I worked with pretty paranoid people (for a reason, not the pathological ones) using their own operating system (Based on reviewed and modified NetBSD source code) on air gap networks. They also had RFID chip in the printer’s paper in order to trigger an alarm if you leave the facility with printed information. Other electromagnetically wiped and physically destroyed (with presses) any hard disk in end-of-life. Some requires 10 months of thorough investigation and background check before letting someone work on their systems. I worked with people having private investigators watching their security guards to ensure they were totally honest (and it wasn’t the case all the time). In the security community, you will easily found people who will not trust any software to handle their very sensitive information as they might always have a backdoor. And it is the same with hardware. And they are right to be suspicious as we found vulnerabilities and backdoors in nearly any system or application. Firmware corrupted by the government of the country manufacturing the processors or motherboards or spyware built-in from the start at the manufacturer’s government request. Routers, operating systems, firewalls, remote access applications, switches, phone equipment, and so on. There is a very long list of known backdoor, Trojan horses, spywares and so on discovered in widely used systems. You can imagine the length of the list of the one we don’t know about (yet).

If we talk about people, it’s even worse. Belgian Secret Services have published a quick card to warn travellers in some specific sensitive industry on how prevent information leakage while being out of the country. The warning is not restricted to the usual suspects (like Korea, Russia, China or USA) but also to our European “friends”. Economic espionage is written in the bylaws of many European country’s intelligence services. According to our States’ Security services, if you belong to the targeted categories of people, the question is not anymore “if” you will be victim of spies but “when”. Humans can be manipulated, blackmailed, bought, threatened, seduced, just pick one. We are no more reliable than the rest.

I know it sounds crazy, even paranoid! Unfortunately it’s just the world as it is.

So, how do we function knowing we can trust nothing and no one?

Obviously, we tend to create redundancies, to multiply the controls and the levels of control. In large organisation you may easily have more than 5 levels of control (Operational control, security, risk management, internal audit, external auditors, compliance, and so on). Even though, we still manage to have incidents. This still doesn’t answer my first question: When do we start to trust?

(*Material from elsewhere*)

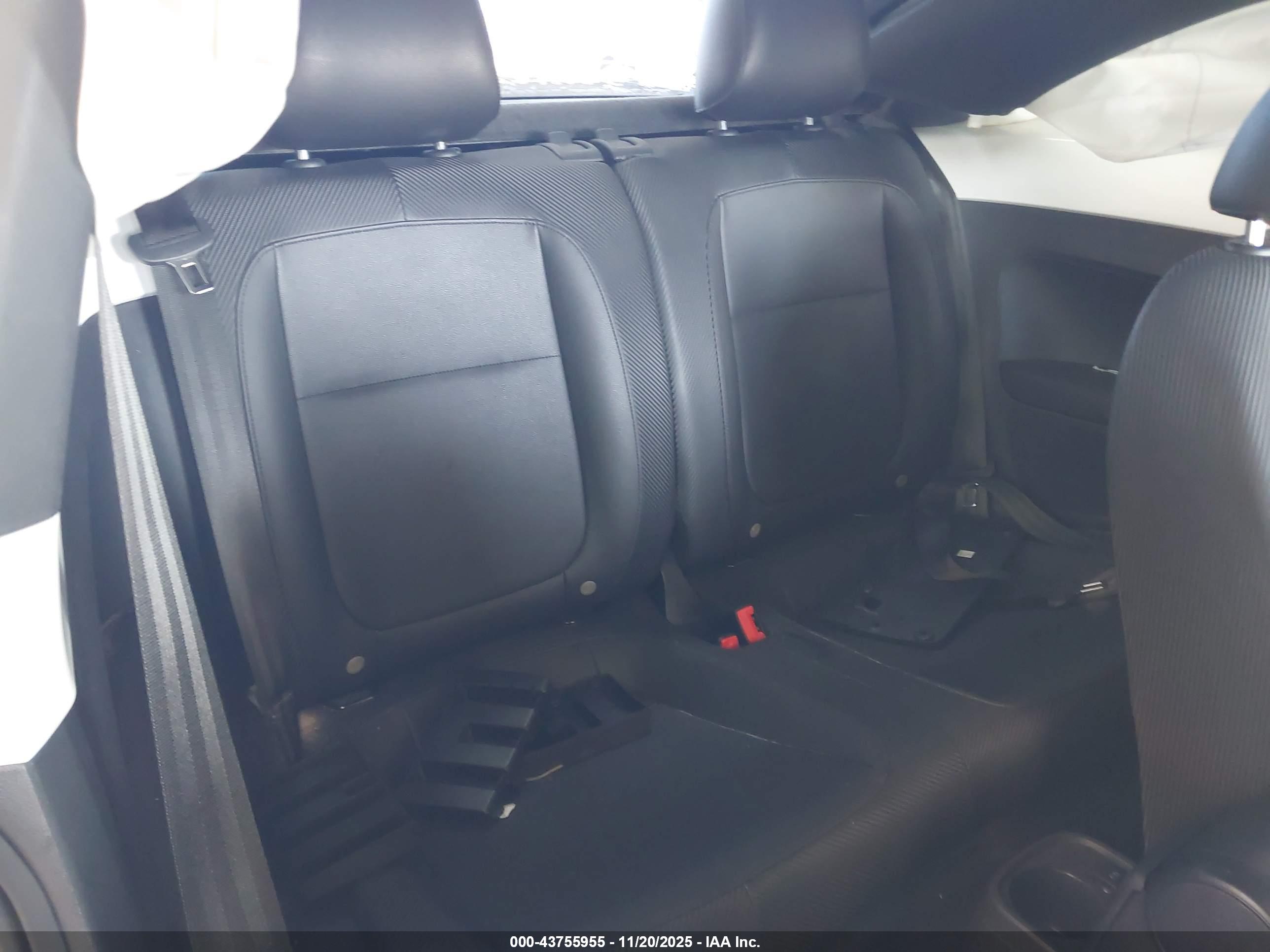 VOLKSWAGEN BEETLE image 8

For me, trusting is part of the risk management process. It also meets the intelligence gathering process of evaluating your information, your sources and how reliable they are. We trust and we verify. We evaluate continuously the level of trust we can grant to our systems and our people. The higher the stakes, the higher our level of paranoia should be. Also, as usual, we must balance between the risk of doing it and the cost of not doing it. If I don’t trust my suppliers, my employees, what will be the cost for my company, my business?

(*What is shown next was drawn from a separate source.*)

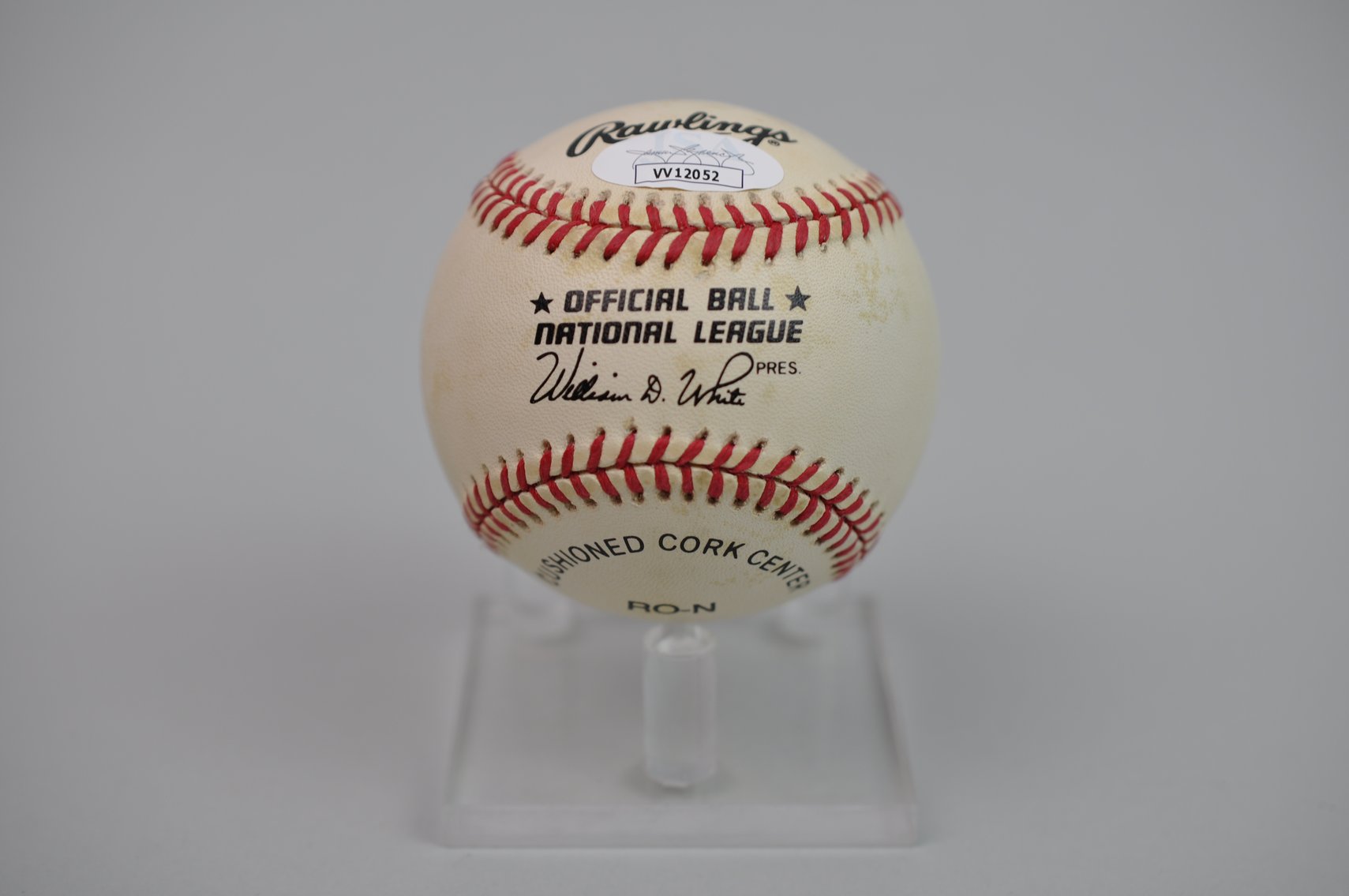 Baseball Signed by HOF Jeff Bagwell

What’s also important is to know that we trust. There is a clear difference between believing without knowing and believing with the consciousness of the fact that we make a leap of faith. The difference resides in the decision. I don’t believe because I do, I believe because I have decided that it is the best choice to make.

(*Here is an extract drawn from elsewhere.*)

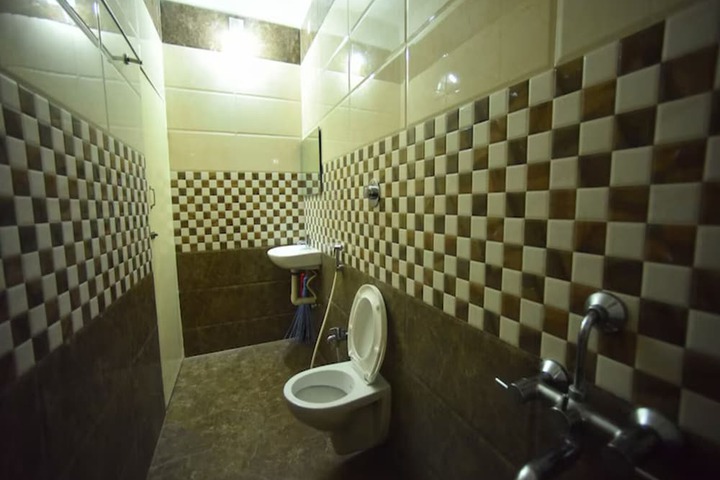 Room 15 of 17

Let me take an example: in my car, if I believe that a green light for me means that cars coming from other directions will stop at the red light, without doubting that or even having the conscience it is a belief, I will never pay attention to the other cars. If I understand it is a belief, I can adjust my behaviour and check (monitor, watch) other cars to see if they are compliant with this belief (and obviously hit the brakes if they are not).

On the other hand, I should also give a little trust to my car manufacturer and have confidence in the fact the brakes will stop my car when I hit them. Else, I won’t dare to drive anymore. As always, we need to find the right balance and we need to do it consciously in order to function effectively.

So, question everything and take sound decisions, knowing that you don’t know for sure.